**Task to complete**
Would you copy out the following entries exactly, without any of the pictures?
[Records supplied]
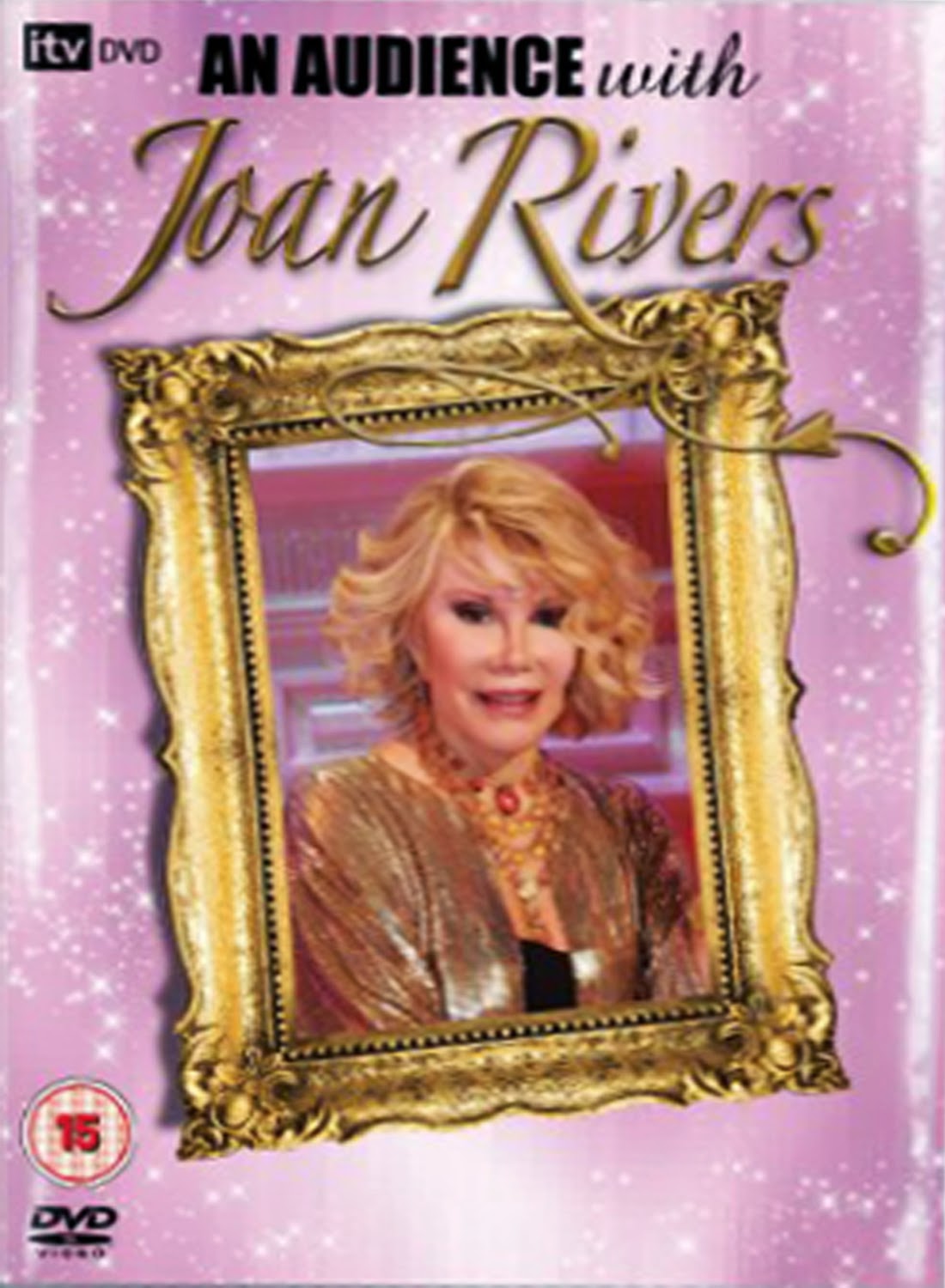 Vintage Standup Comedy Joan Rivers An Audience With Joan Rivers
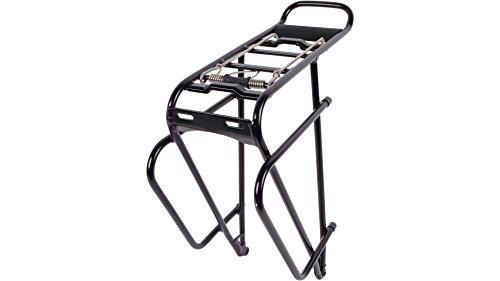 Atran Velo Tour Lite BS 28 AVS Portaequipajes, Adultos Unisex, Negro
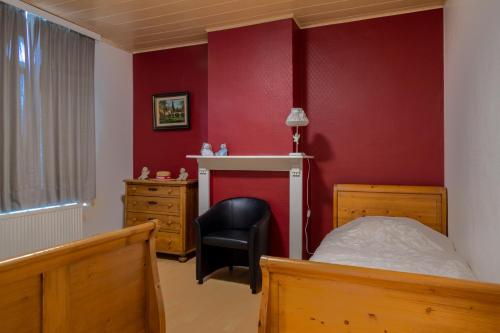 Vakantiehuisje Amaryllis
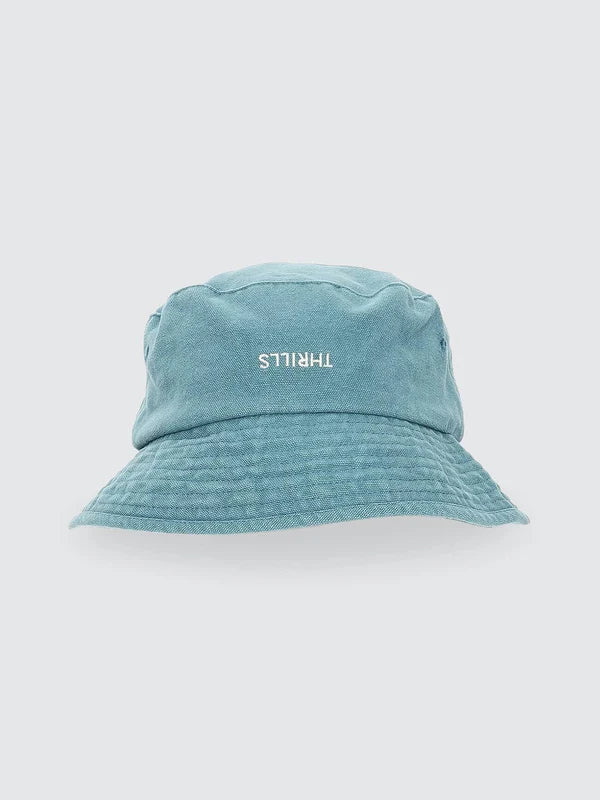 MINIMAL THRILLS BUCKET HAT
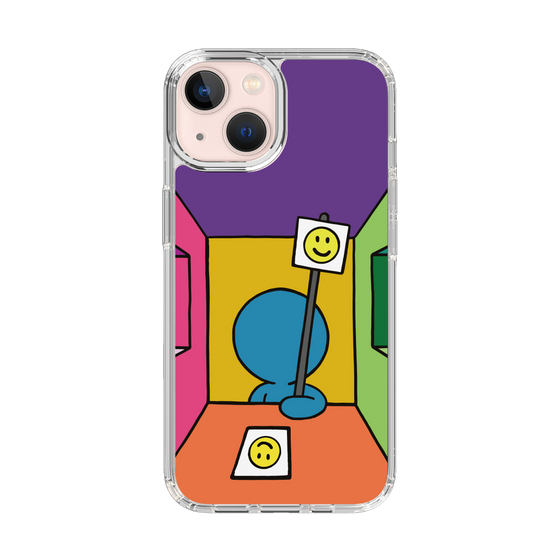 Slim Protection Case［ ROMANs - Invitation to Smile ］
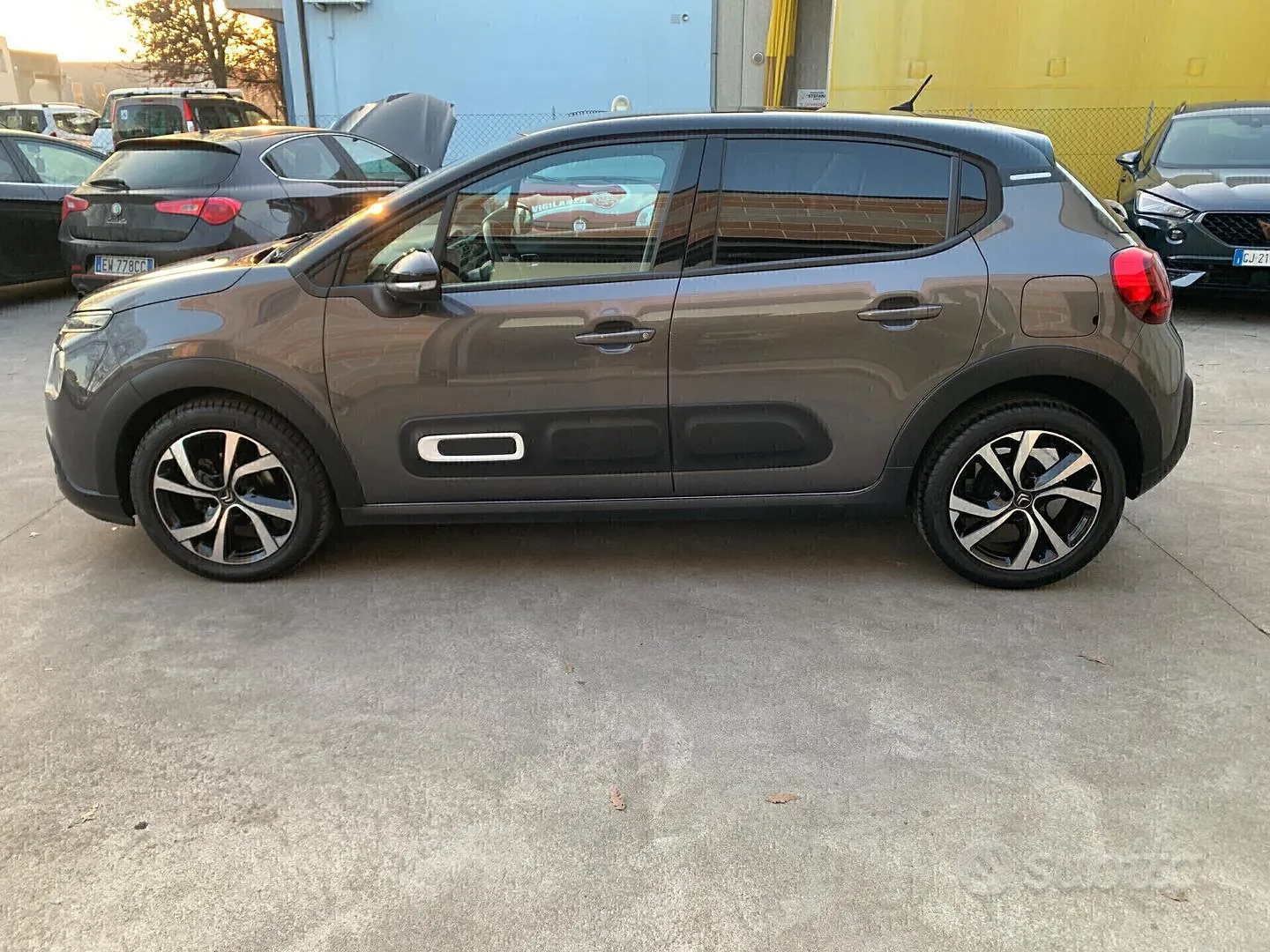 Citroen C3 2021 photo 2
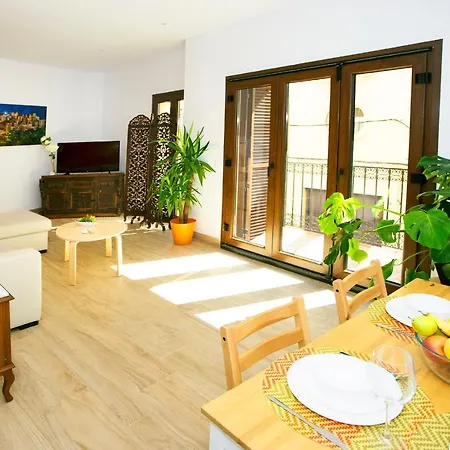 Apartment Fresh, Relax & Sun Historic Center *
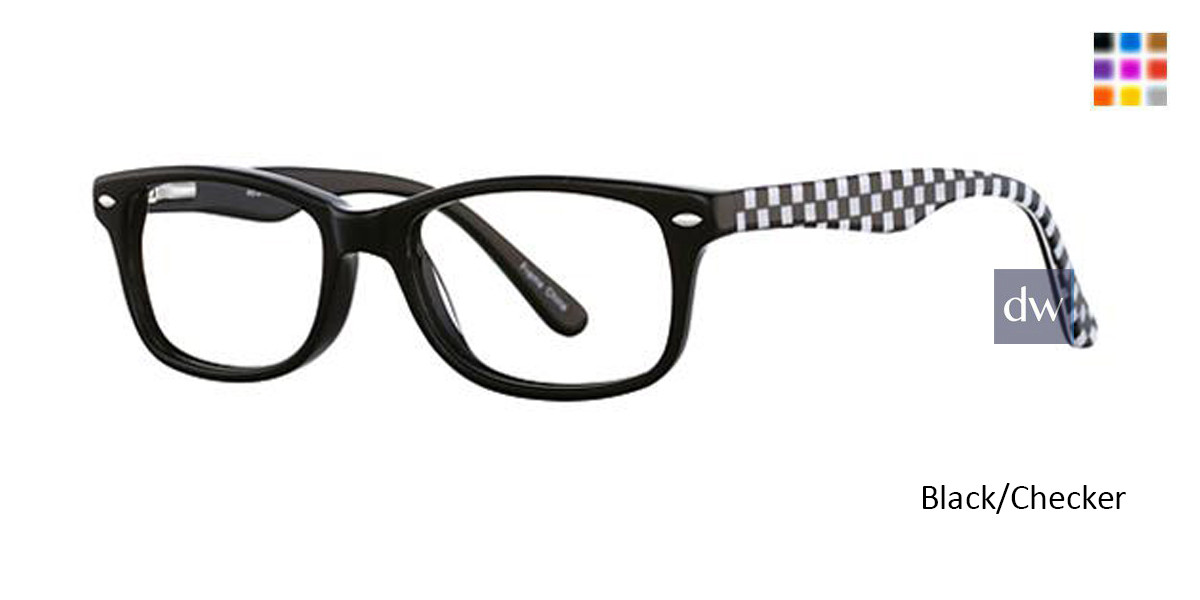 K12 4081 Kids Prescription Eyeglasses Daniel Walters Eyewear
[/Records supplied]
**Answer space**
 Vintage Standup Comedy Joan Rivers An Audience With Joan Rivers
 Atran Velo Tour Lite BS 28 AVS Portaequipajes, Adultos Unisex, Negro
 Vakantiehuisje Amaryllis
 MINIMAL THRILLS BUCKET HAT
 Slim Protection Case［ ROMANs - Invitation to Smile ］
 Citroen C3 2021 photo 2
 Apartment Fresh, Relax & Sun Historic Center *
 K12 4081 Kids Prescription Eyeglasses Daniel Walters Eyewear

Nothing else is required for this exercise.